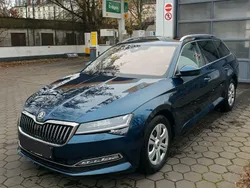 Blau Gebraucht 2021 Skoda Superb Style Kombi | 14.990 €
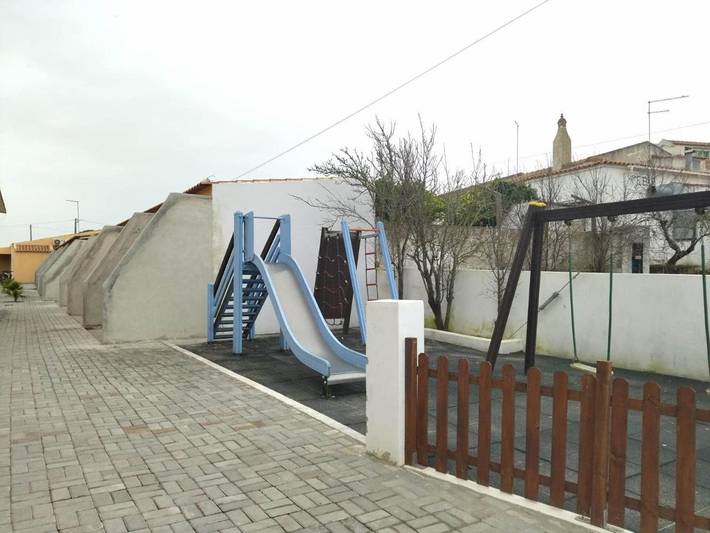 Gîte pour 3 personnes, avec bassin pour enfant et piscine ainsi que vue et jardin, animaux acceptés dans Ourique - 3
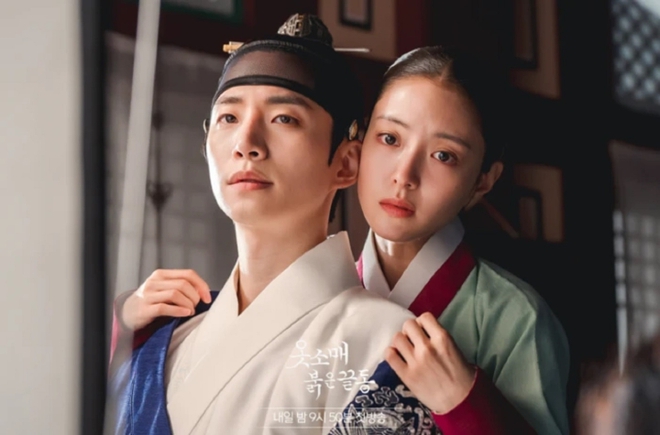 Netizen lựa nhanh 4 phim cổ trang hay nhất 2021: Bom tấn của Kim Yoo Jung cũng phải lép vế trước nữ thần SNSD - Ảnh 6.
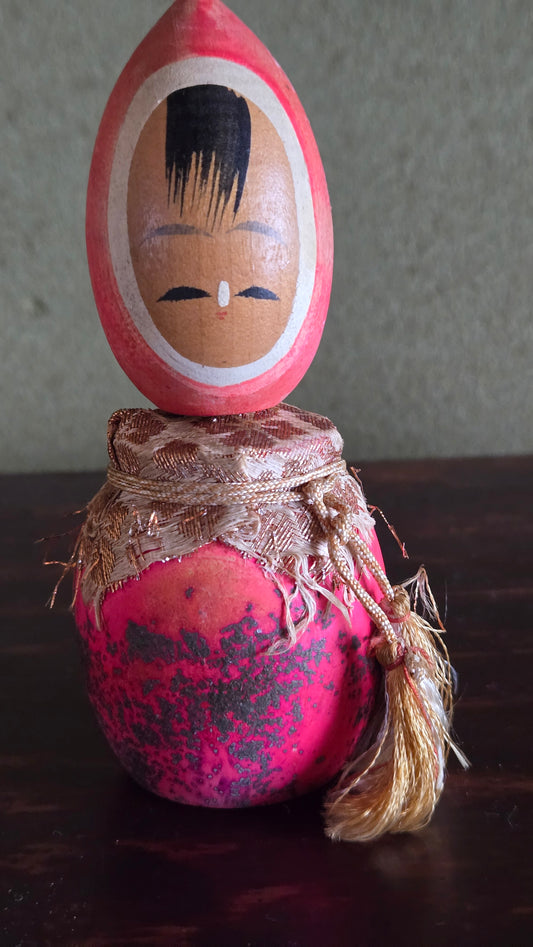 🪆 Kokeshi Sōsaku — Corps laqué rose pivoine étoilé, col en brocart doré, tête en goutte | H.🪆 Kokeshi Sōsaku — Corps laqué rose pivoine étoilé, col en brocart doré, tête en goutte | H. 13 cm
--
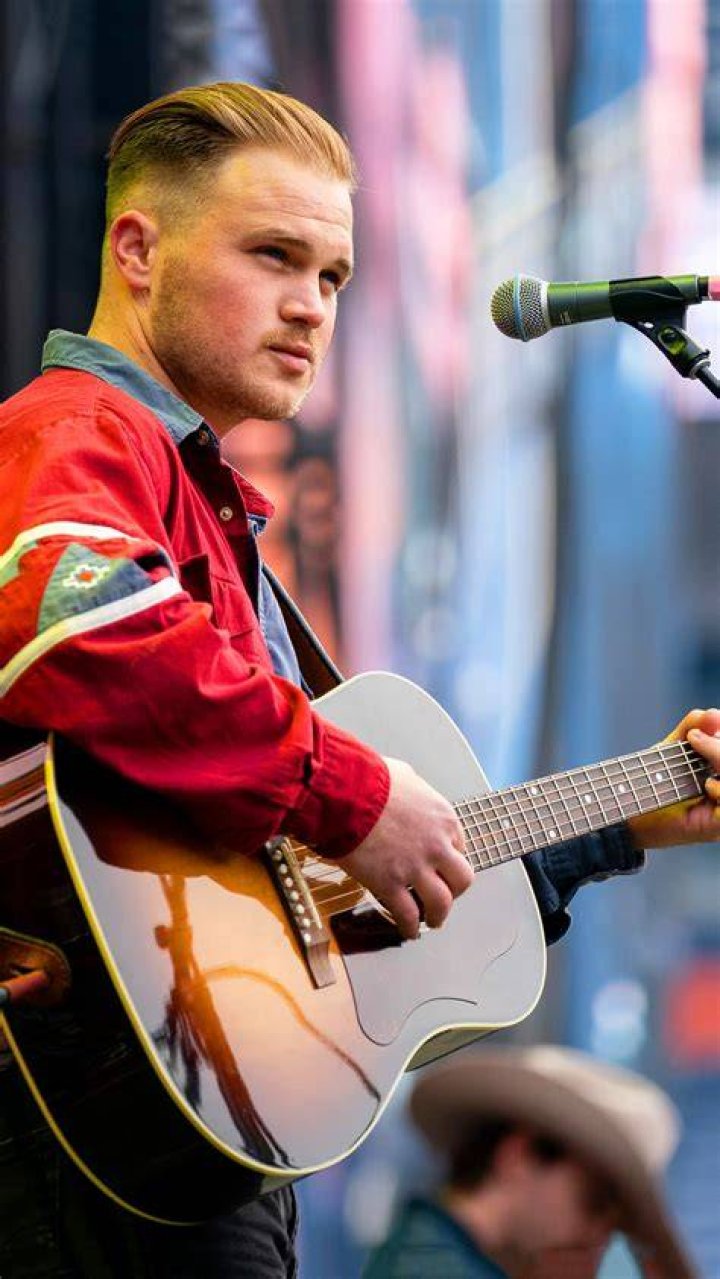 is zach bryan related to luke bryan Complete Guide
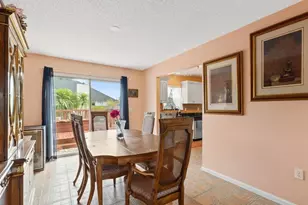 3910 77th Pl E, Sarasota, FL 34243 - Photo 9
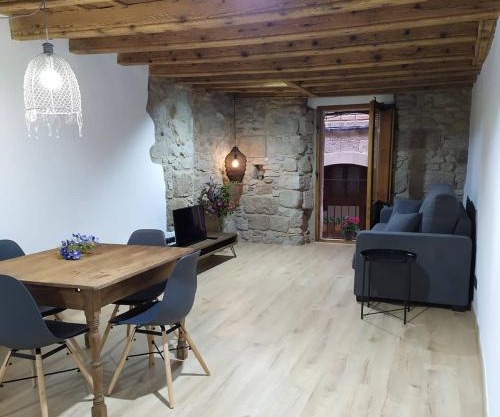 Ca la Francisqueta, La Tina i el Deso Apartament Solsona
--
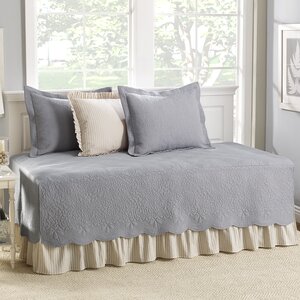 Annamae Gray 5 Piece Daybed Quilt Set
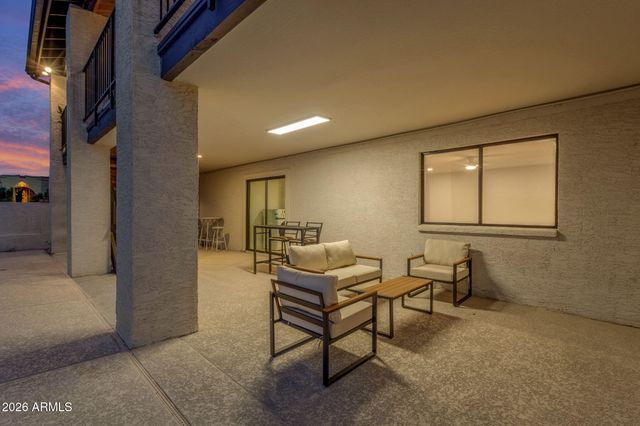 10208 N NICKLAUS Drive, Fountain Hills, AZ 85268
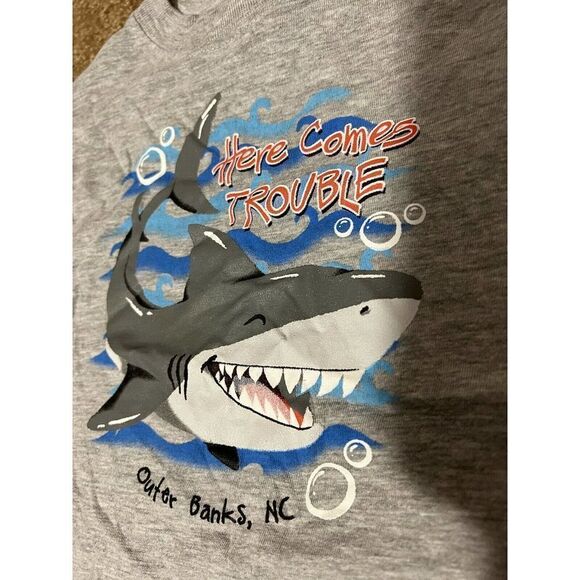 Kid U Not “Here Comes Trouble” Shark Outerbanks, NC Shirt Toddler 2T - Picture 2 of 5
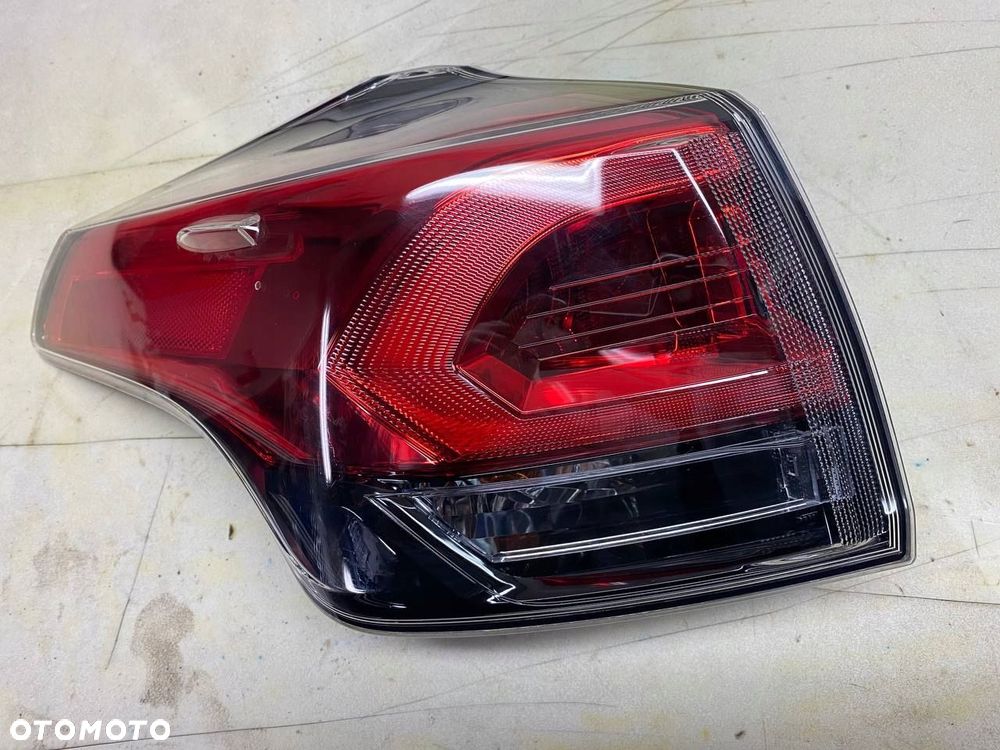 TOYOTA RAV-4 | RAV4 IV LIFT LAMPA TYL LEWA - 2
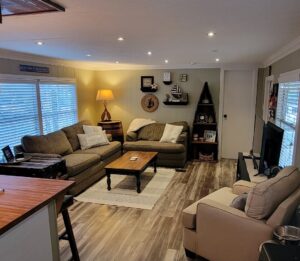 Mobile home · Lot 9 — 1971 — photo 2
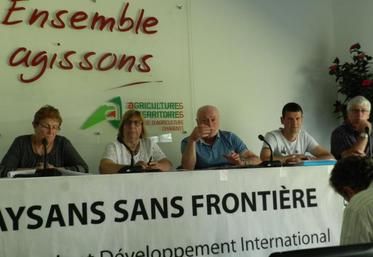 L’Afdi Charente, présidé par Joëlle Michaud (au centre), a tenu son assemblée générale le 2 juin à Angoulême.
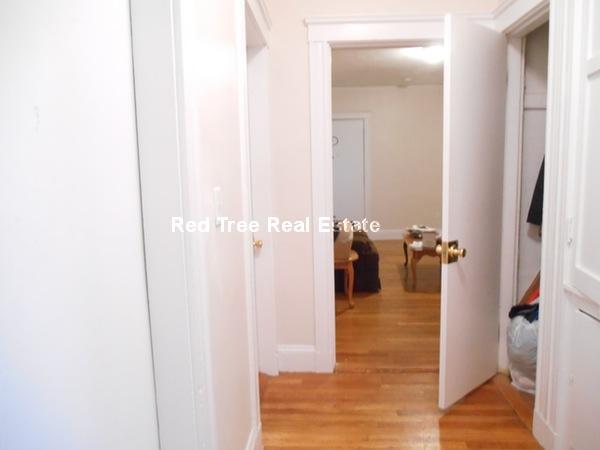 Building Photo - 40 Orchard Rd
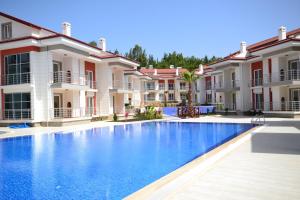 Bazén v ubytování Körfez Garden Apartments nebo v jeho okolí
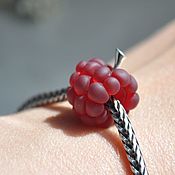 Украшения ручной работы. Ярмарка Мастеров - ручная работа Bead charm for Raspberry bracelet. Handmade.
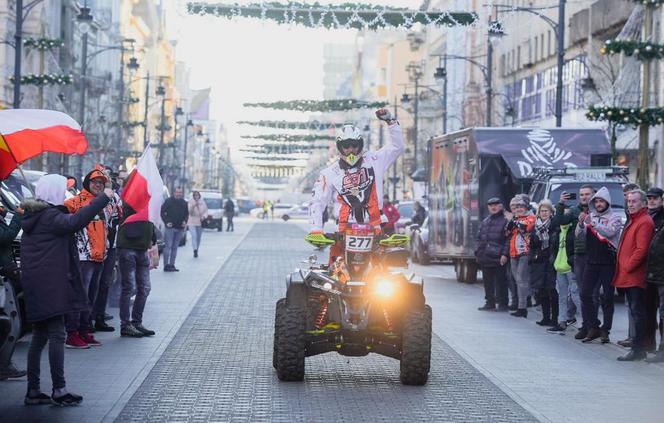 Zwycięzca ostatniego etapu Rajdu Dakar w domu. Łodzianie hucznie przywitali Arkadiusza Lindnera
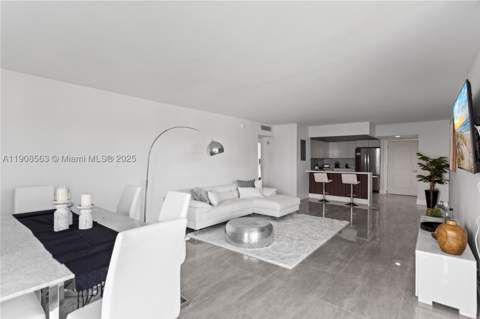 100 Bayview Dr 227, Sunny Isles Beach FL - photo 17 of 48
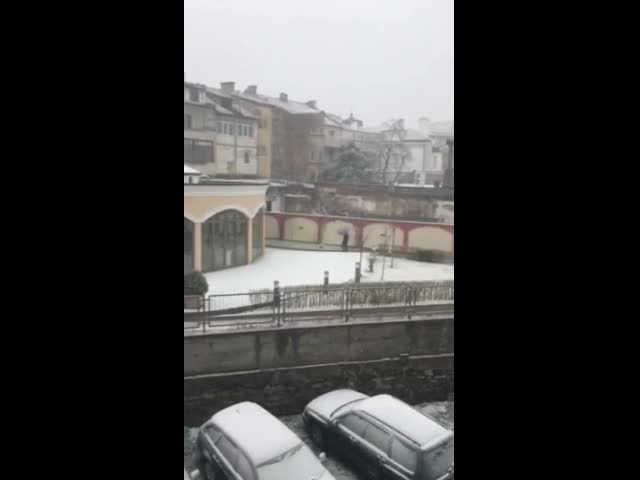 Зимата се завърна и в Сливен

§ AIM OF THE EXERCISE
Print exactly the lines above that run from the one with "Netizen lựa nhanh" down to the one with "goutte | H. 13 cm", and omit the pictures.

§ ANSWER AREA
 Netizen lựa nhanh 4 phim cổ trang hay nhất 2021: Bom tấn của Kim Yoo Jung cũng phải lép vế trước nữ thần SNSD - Ảnh 6.
 🪆 Kokeshi Sōsaku — Corps laqué rose pivoine étoilé, col en brocart doré, tête en goutte | H.🪆 Kokeshi Sōsaku — Corps laqué rose pivoine étoilé, col en brocart doré, tête en goutte | H. 13 cm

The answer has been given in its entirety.